The related question that might arise here is whether a dog presenting to a reader's clinic is in the same clinical “group.” The case definition is of “profuse bloody diarrhoea” as reported by the owners. As clinicians we all know that one owner's “profuse bleeding” can be another's “minor cut” and so there may be a problem in deciding whether a dog presented elsewhere would be similar enough to those included in this study to fairly extrapolate the findings. This aspect can be considered both a strength and a weakness of the study design. It is a strength because it means that a dog presented to a primary care practice with a reported clinical sign of “profuse bloody diarrhoea” should likely be similar to cases included in this study. On the other hand, the weakness is that we cannot be sure of that, and the small sample size implies that including even only a handful of less severe cases would represent a large proportion of the total study population, and so skew the results.

In terms of study design it is difficult to know how the case definition could be more tightly controlled. How could it be quantified? Perhaps by measuring the volume of diarrhoea and having a colour grading sheet etc? The problem with such (over-)refinement of a study is that it will inevitably reduce the number of dogs included (fewer owners will wish/be able to take part) and so then the cases become a sample from within a larger population and thus risk being non-representative of the “real” primary care practice population as a whole.

In all, the wide recruitment eligibility means that this trial represents an example of a “pragmatic trial,” in which a wide range of cases is potentially included. On the whole, pragmatic trials are less often carried out in veterinary medicine compared to human medicine but have a much higher likelihood of changing practice, because they are easier to generalise and therefore more widely relevant in treatment of cases treated elsewhere. In fact, many trials that could be carried out in primary care veterinary practice would likely need to be pragmatic in design because it is necessary to reduce costs and make follow-up straightforward and not dependent upon equipment that is expensive or time-consuming to use.

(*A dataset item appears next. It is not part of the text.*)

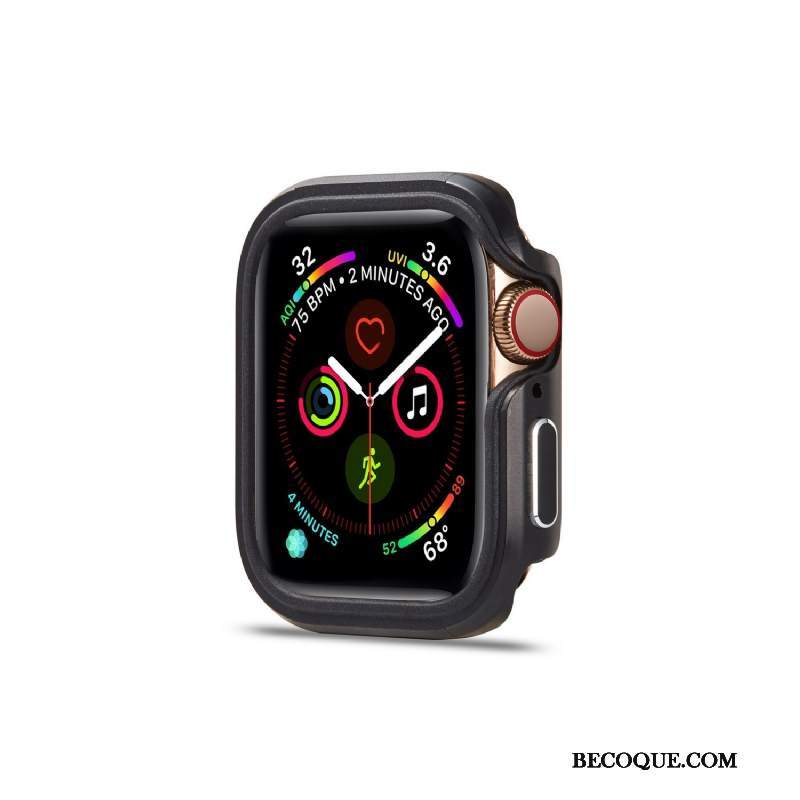 Futerał Apple Watch Series 5 Metal Pu Złoto, Etui Apple Watch Series 5 Ochraniacz Stop Metali Nowy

A major concern voiced by the reviewers about this report is that they considered that use of any antibiotic in such cases to be inappropriate and that publication of this report might be seen as evidence that antibiotics should be used for haemorrhagic gastroenteritis cases. This is an important point of view, with evidence in its support (Unterer et al. 2011), but the authors of this current study were concerned with addressing what actually happens currently in practice. Far from not using antibiotics at all for such cases, it appears that many primary care veterinarians would prefer to use two antibiotics – as evidenced by the reluctance of some clinicians in the practice to enter some dogs into the trial. Therefore, this study with its strong suggestion that use of metronidazole and co-amoxiclav together is inappropriate over-treatment supports the reviewers’ point and should provide reassurance about reduction of antibiotic use in practice.

So – what is the summary of the message that this study is sending? Really this is for the readers to decide for themselves, weighing up the questions outlined above. However, it would seem reasonable to suggest that this study overall (despite the expressed reservations) strongly suggests that it is unnecessary to give metronidazole in addition to co-amoxiclav to dogs with haemorrhagic gastroenteritis.